→ **To do**: Output, word for word, the line that contains "Enviro Testers Oil Trace Moisture Analyzer" and all lines after it in the records below, omitting pictures.

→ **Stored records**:
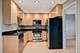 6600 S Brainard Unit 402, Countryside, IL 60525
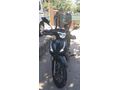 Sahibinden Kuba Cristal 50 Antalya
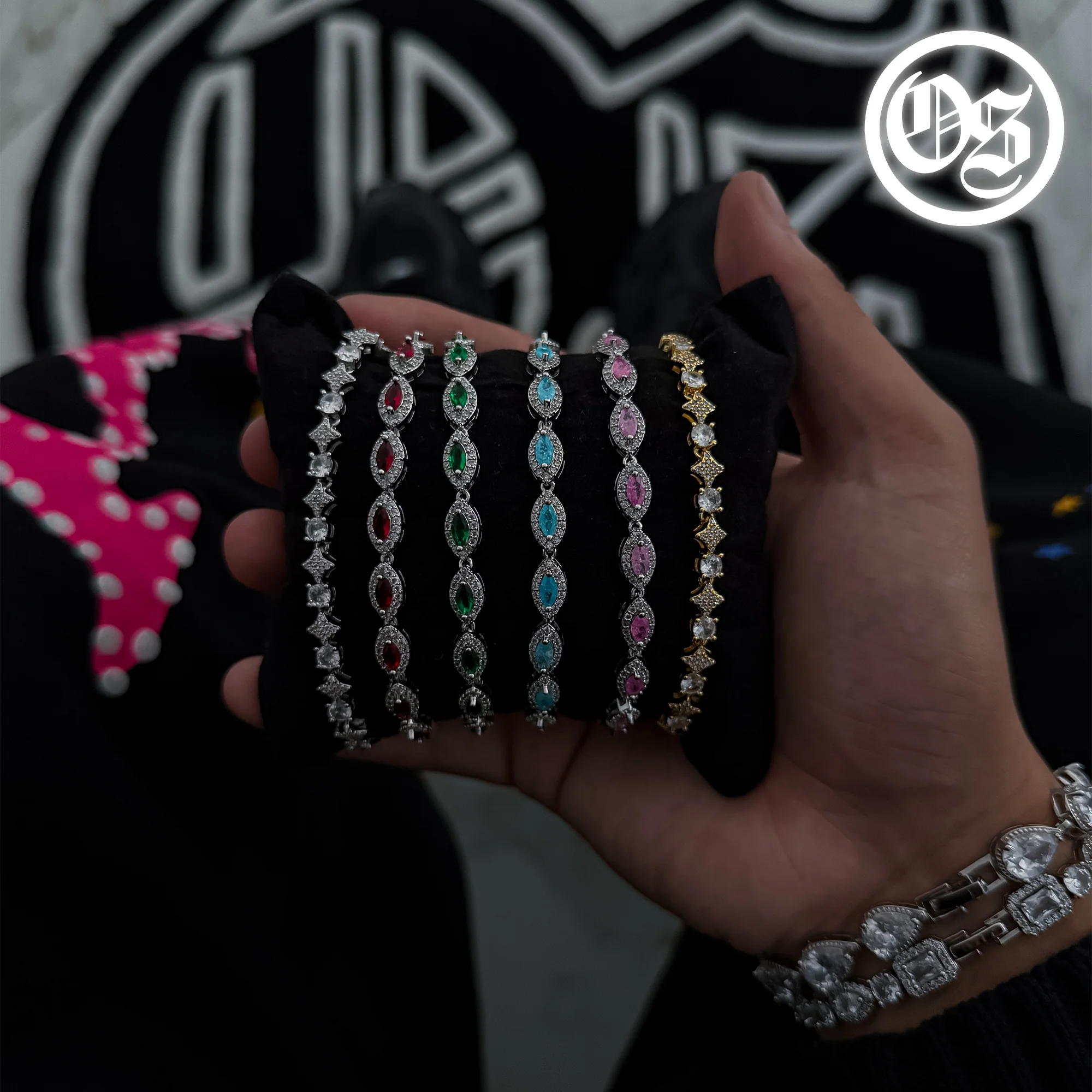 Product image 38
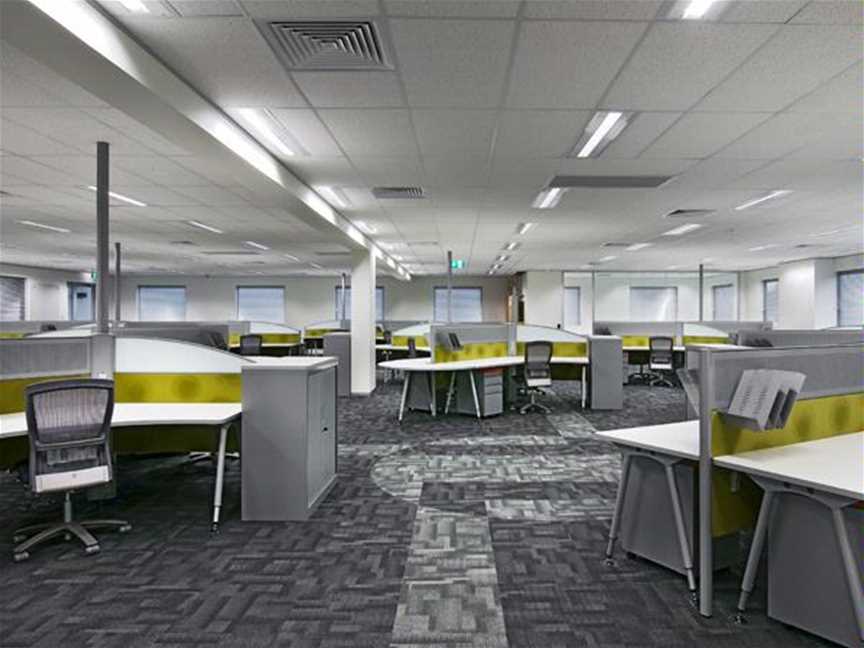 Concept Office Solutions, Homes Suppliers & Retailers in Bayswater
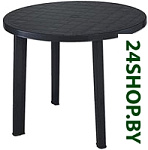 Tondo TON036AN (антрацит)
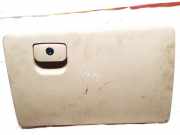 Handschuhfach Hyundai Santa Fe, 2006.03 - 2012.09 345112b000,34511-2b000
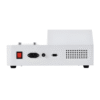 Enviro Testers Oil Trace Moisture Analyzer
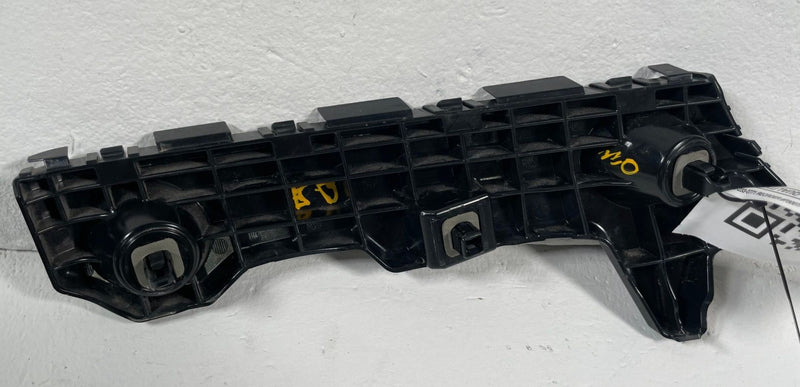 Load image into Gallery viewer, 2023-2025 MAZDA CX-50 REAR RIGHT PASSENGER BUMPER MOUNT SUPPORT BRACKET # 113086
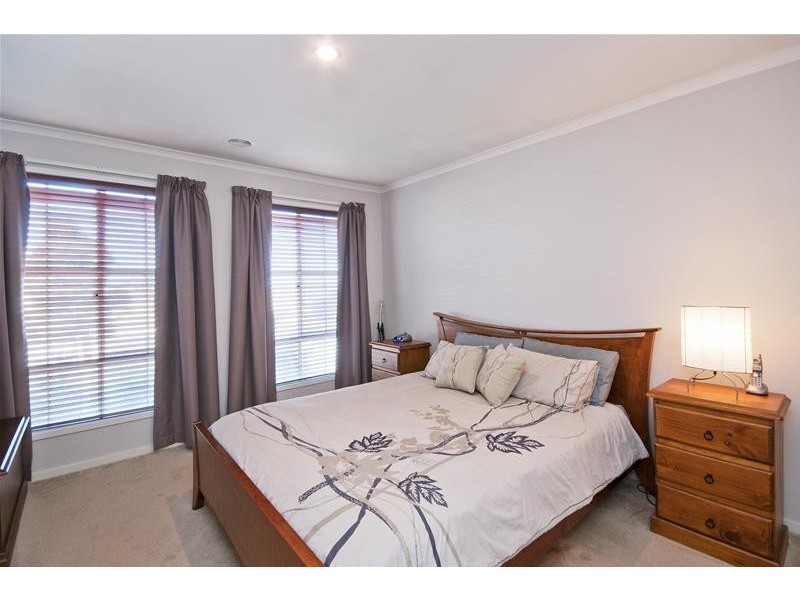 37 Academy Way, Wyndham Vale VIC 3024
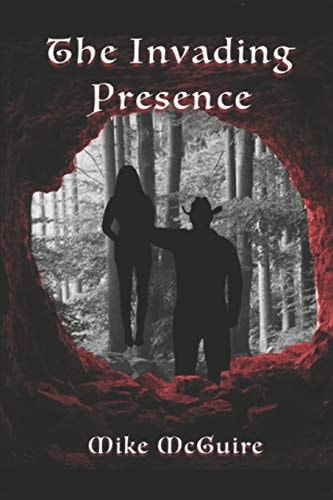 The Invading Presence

→ **Output below**:
 Enviro Testers Oil Trace Moisture Analyzer
 Load image into Gallery viewer, 2023-2025 MAZDA CX-50 REAR RIGHT PASSENGER BUMPER MOUNT SUPPORT BRACKET # 113086
 37 Academy Way, Wyndham Vale VIC 3024
 The Invading Presence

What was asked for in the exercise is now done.